Swedish Protestant Christian denomination

Uniting Church in Sweden (Swedish: Equmeniakyrkan) is a united Protestant denomination in Sweden.

==History==
It was established on 4 June 2011 by the merger of the United Methodist Church, Baptist Union of Sweden, and Mission Covenant Church of Sweden.

Initially the name of the unified denomination was the Joint Future Church (Gemensam framtid), before the name was changed during a conference in Karlstad on 11 May 2013 to the present Uniting Church in Sweden or Equmeniakyrkan in Swedish.

== Organization ==
The Uniting Church in Sweden consists of about 640 local congregations in Sweden, which collectively have about 59,000 members. The church serves around 130,000 people as of 2021.
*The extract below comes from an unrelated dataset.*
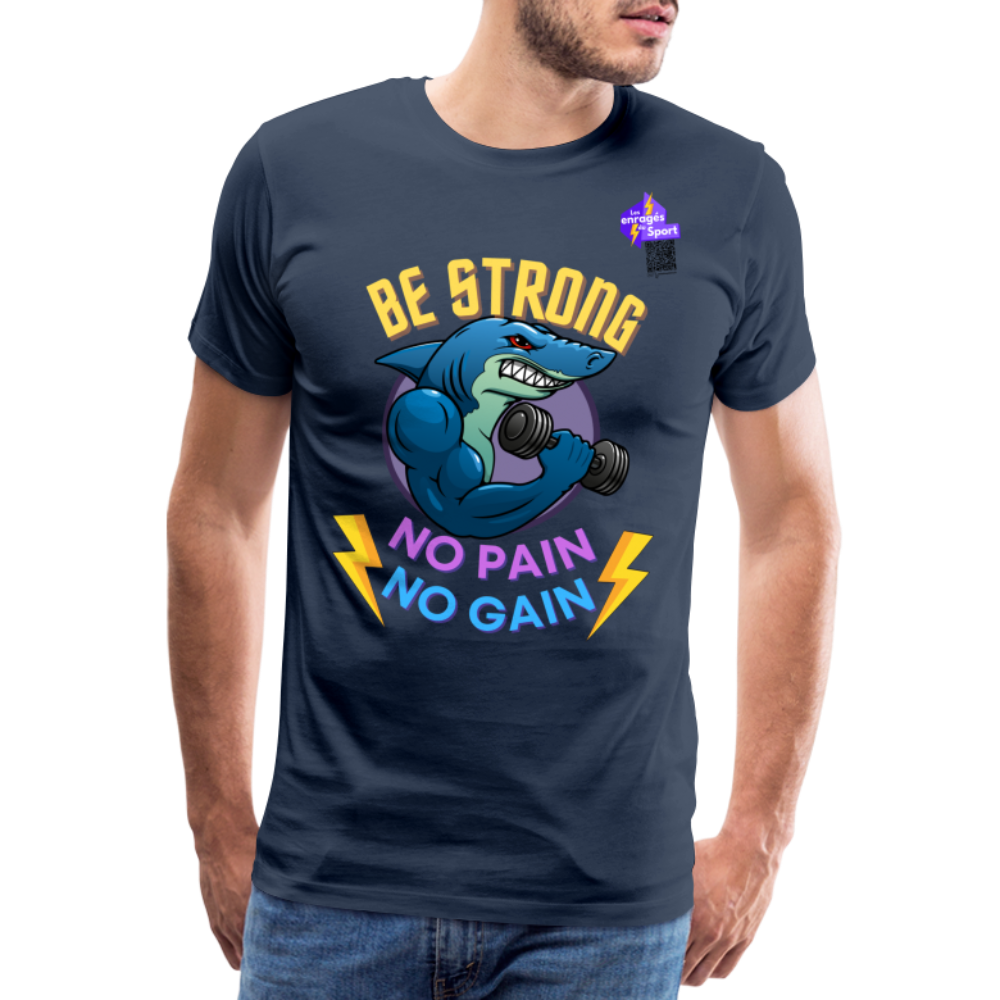 BE STRONG SHARK T-shirt Premium Homme - bleu marine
Since 2007, the merging denominations also had a common youth organization called Equmenia. The intention to form the new denomination was made in the respective conferences in 2008, 2009 and 2010 before the final decision was made in 2011.

Since the inaugural meeting in 2011, the denomination's chairperson was Ann-Sofie Lasell, who was succeeded in 2014 by Tomas Bjöersdorff and in 2017 by Susanne Rodmar. The current chairperson, Dick Simonsson, was elected in 2026. The church conference in Linköping in 2012 elected Lasse Svensson as president and Olle Alkholm and Sofia Camnerin as vice presidents. All three were re-elected at the 2016 church conference in Stockholm. At the 2020 church conference, Lasse Svensson was re-elected as president, and Karin Wiborn and Joakim Hagerius were newly elected as vice presidents. In 2026 Karin Wiborn was elected as president and Niklas Pensoho as vice presidents.
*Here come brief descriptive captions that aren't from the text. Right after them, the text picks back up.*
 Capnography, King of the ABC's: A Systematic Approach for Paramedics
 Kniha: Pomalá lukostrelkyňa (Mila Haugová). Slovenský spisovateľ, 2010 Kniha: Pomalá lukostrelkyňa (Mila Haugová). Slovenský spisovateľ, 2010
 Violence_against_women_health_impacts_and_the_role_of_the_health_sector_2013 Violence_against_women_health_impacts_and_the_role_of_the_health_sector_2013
The Uniting Church in Sweden runs University College Stockholm (formerly Stockholm School of Theology) and along with Equmenia runs Härnösand Folk High School, Sjövik Folk High School, Karlskoga Folk High School, Bromma Folk High School and Södra Vätterbygdens folkhögskola. Together with the Swedish Alliance Mission, it runs the aid organization Diakonia. The Uniting Church in Sweden is a member organization of the study association Bilda. Along with a number of other Christian denominations and organizations, it runs the nonprofit social work organization Hela människan. The Uniting Church in Sweden is a member of a number of international organizations, among them the World Council of Churches.

The church has an extensive international cooperation with sister churches in many countries.

== Ecumenism ==
The ecumenical agreements that previously existed between the Church of Sweden, the Mission Covenant Church of Sweden and the United Methodist Church of Sweden have since 2016 been adapted to a similar agreement between the Church of Sweden and the Uniting Church in Sweden.